### Data supplied:
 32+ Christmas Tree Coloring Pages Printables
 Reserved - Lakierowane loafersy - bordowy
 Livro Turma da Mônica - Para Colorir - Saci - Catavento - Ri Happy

--

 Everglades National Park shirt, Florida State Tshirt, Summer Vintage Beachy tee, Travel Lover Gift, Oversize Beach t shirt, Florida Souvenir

==

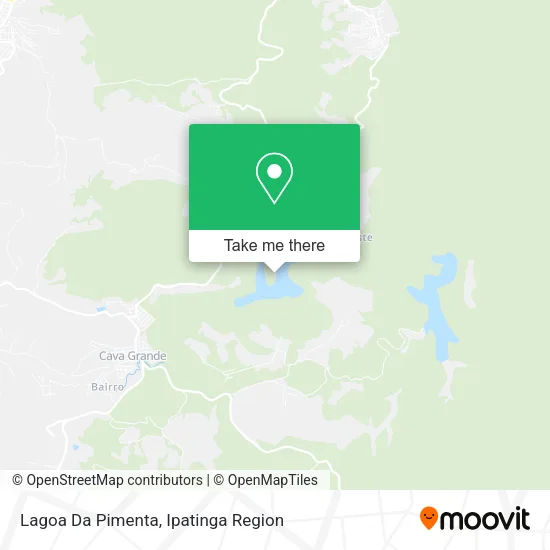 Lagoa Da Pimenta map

### What to work on:
Only one stretch of the records above is wanted: the lines between the one holding "Reserved - Lakierowane loafersy - bordowy" and the one holding "Livro Turma da", inclusive, reproduced exactly.

### Answer to the problem:
 Reserved - Lakierowane loafersy - bordowy
 Livro Turma da Mônica - Para Colorir - Saci - Catavento - Ri Happy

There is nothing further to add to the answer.